The "Thriller" music video was directed by John Landis and premiered on MTV on December 2, 1983. In the video, Jackson becomes a zombie and performs a dance routine with a horde of the undead. Many elements of the video have had a lasting impact on popular culture, such as the zombie dance and Jackson's red jacket, and it was the first music video inducted into the National Film Registry. It has been named the greatest music video of all time by various publications and readers' polls.

Composition 

"Thriller" is a disco-funk song. Set in the key of C# minor, it has a moderate tempo of 120 beats per minute. The instrumentation consists of a synthesizer bassline, a Roland Jupiter-8 synthesizer, an electric guitar, a Rhodes piano, a pipe organ, and a horn section consisting of trumpet, trombone, flugelhorn, saxophone, and flute. The introduction features sound effects such as a creaking door, thunder, feet walking on wooden planks, winds and howling wolves. A LinnDrum drum machine was used for this song, which was modified with LM-1 snare & hi-hat sound chips & TR-808 clap chips.

Writing

"Thriller" was written by the English songwriter Rod Temperton, who had previously written "Rock with You" and "Off the Wall" for Jackson's 1979 album Off the Wall. Temperton wanted to write something theatrical to suit Jackson's love of film. He improvised with bass and drum patterns until he developed the bassline that runs through the song, then wrote a chord progression that built to a climax. He recalled: "I wanted it to build and build – a bit like stretching an elastic band throughout the tune to heighten suspense." The backing track, especially the bassline, has certain similarities to the 1981 number-one R&B hit "Give It to Me Baby" by Rick James.

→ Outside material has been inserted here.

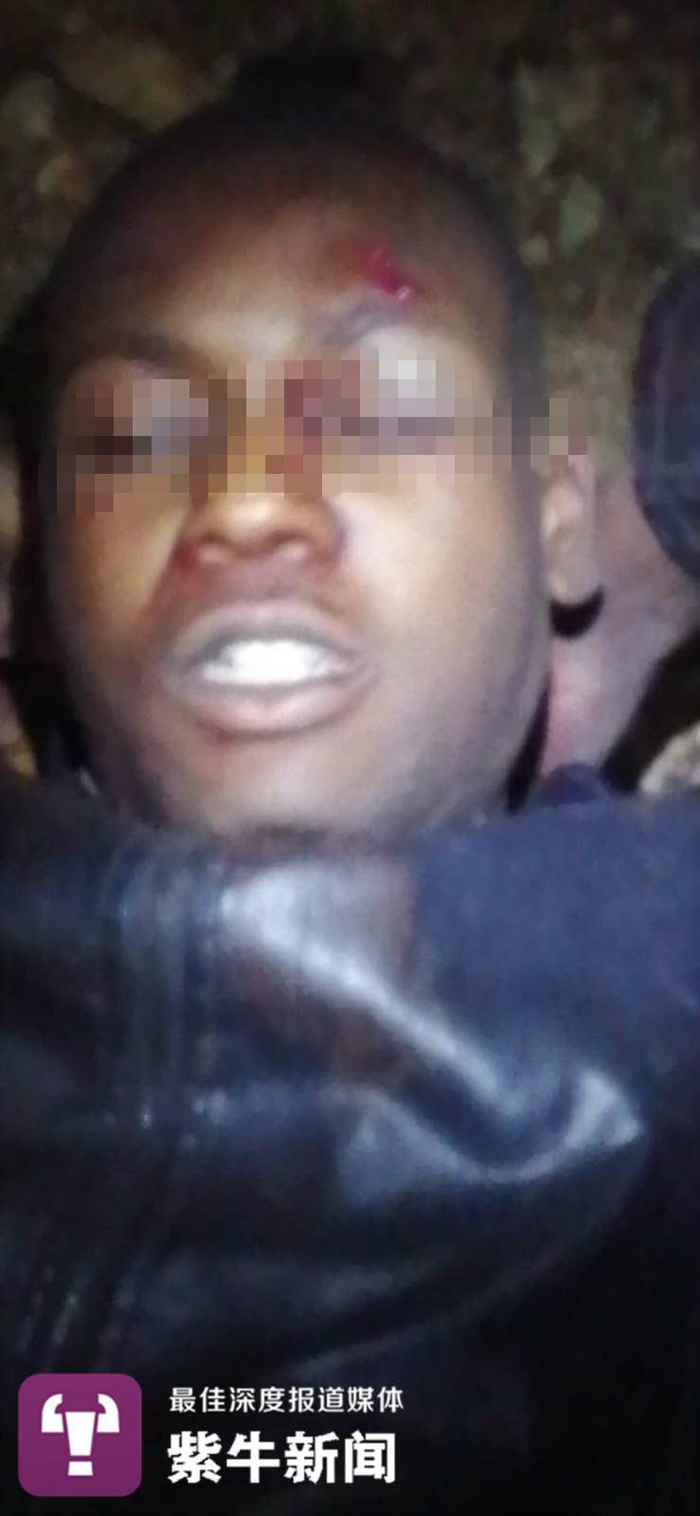 这名受伤劫匪的腰部和腿部中了枪，前额有撞伤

Temperton's first version was titled "Starlight", with the chorus lyric: "Give me some starlight / Starlight sun". The production team, led by Quincy Jones, felt the song should be the title track, but that "Starlight" was not a strong album title. Instead, they wanted something "mysterious to match Michael's evolving persona". Temperton considered several possible titles, including "Midnight Man", which Jones felt was "going in the right direction". Finally, he conceived "Thriller", but worried that it was "a crap word to sing ... It sounded terrible! However, we got Michael to spit it into the microphone a few times and it worked."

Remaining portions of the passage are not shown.